** YOUR ASSIGNMENT **
Only the stretch below from the line holding "Motorkap new holland" through the line holding "Chubby Mouse with" should be restated, word for word and with both ends included; pictures stay out.

** DATA SUPPLIED **

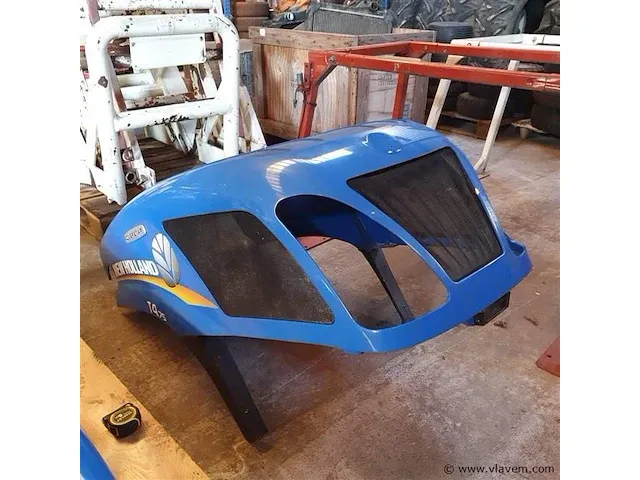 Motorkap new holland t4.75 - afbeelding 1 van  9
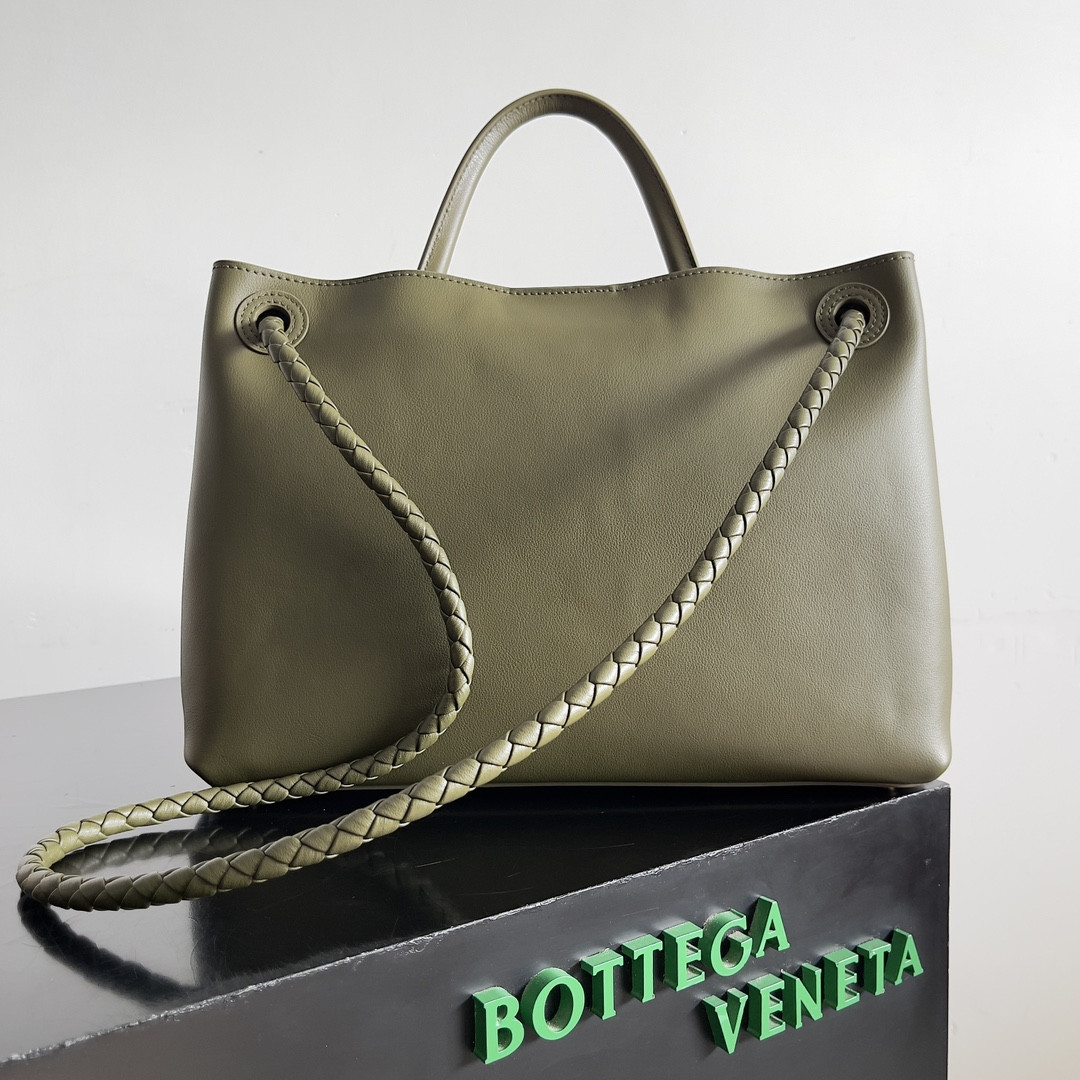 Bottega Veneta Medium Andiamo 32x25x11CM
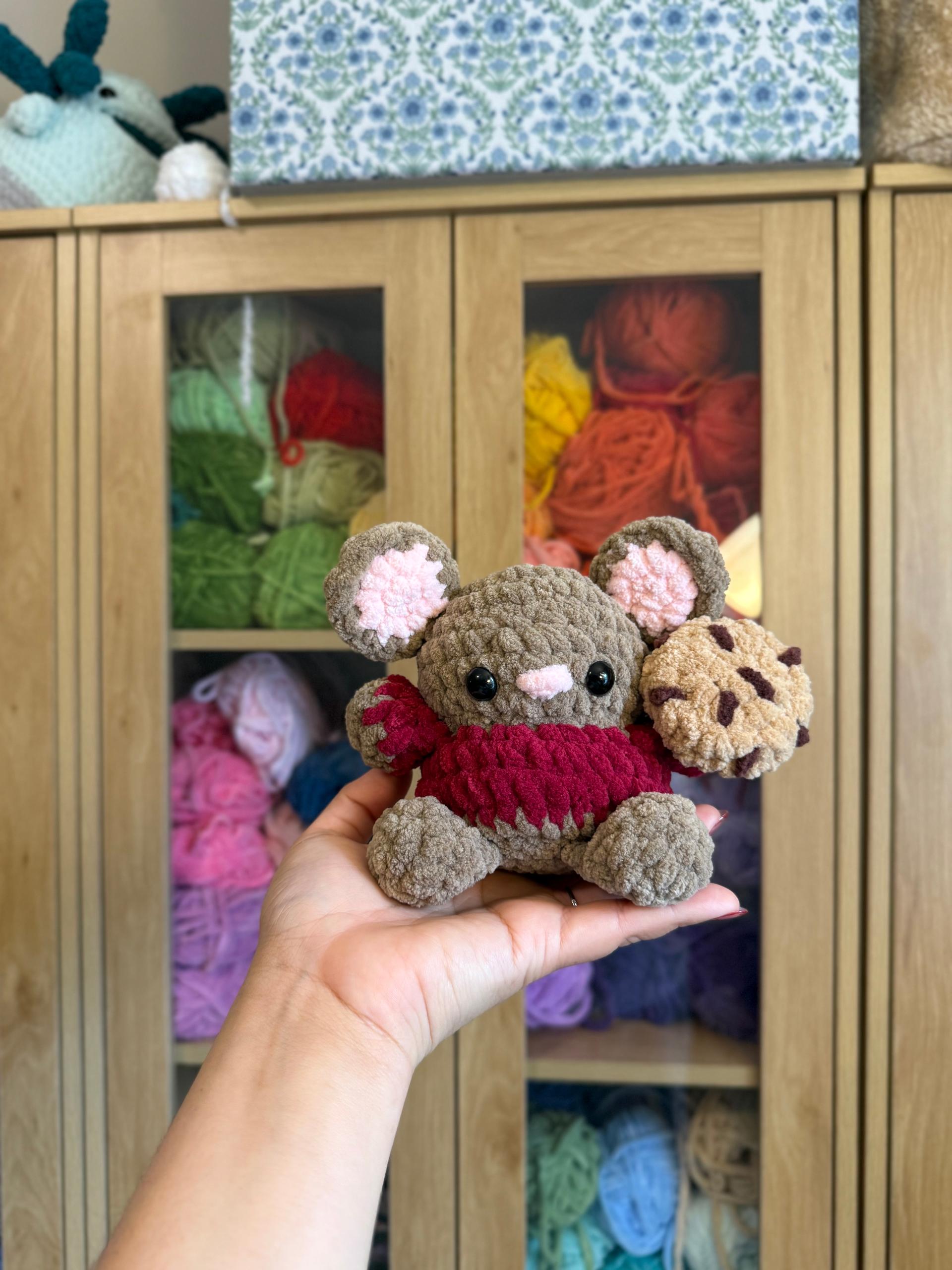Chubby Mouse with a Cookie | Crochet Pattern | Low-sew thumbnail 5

...

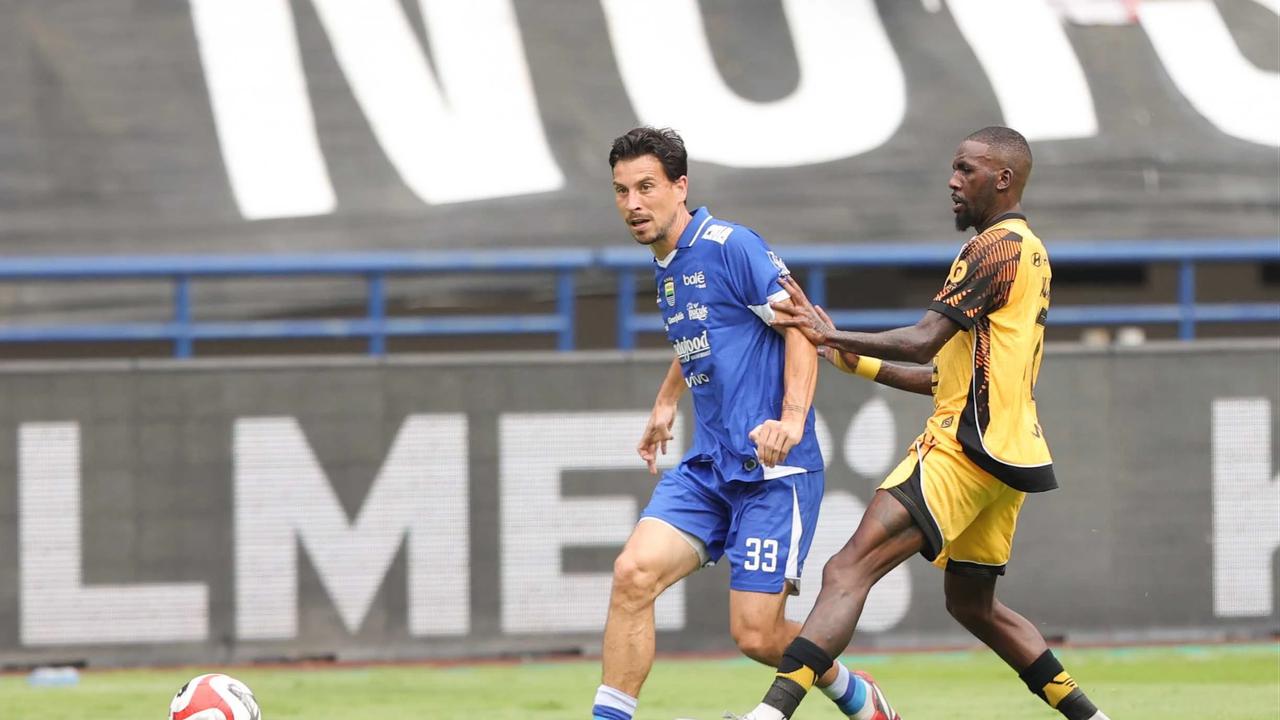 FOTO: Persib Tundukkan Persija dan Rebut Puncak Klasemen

==

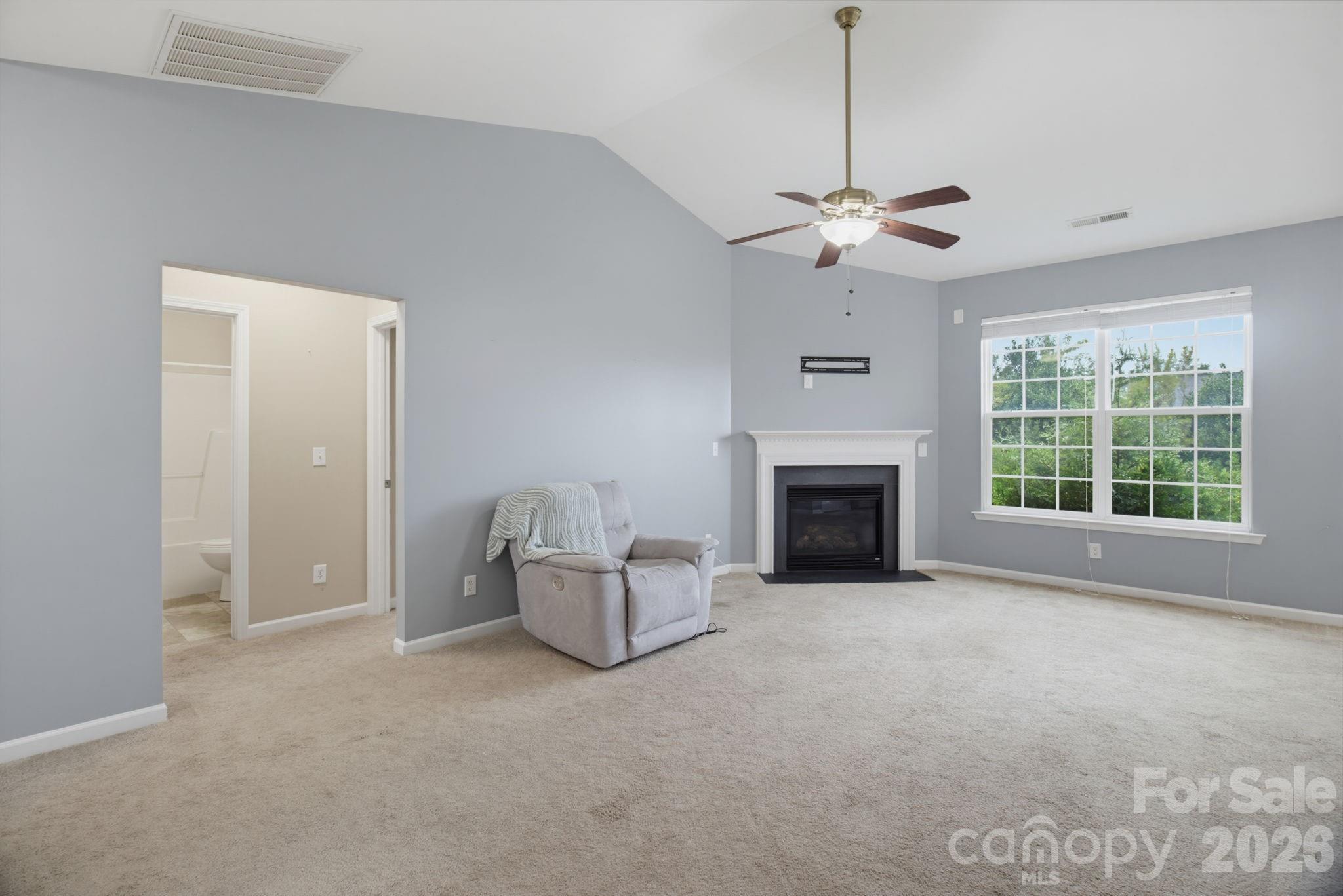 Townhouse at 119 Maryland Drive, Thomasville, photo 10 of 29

** ANSWER BOX **
 Motorkap new holland t4.75 - afbeelding 1 van  9
 Bottega Veneta Medium Andiamo 32x25x11CM
Chubby Mouse with a Cookie | Crochet Pattern | Low-sew thumbnail 5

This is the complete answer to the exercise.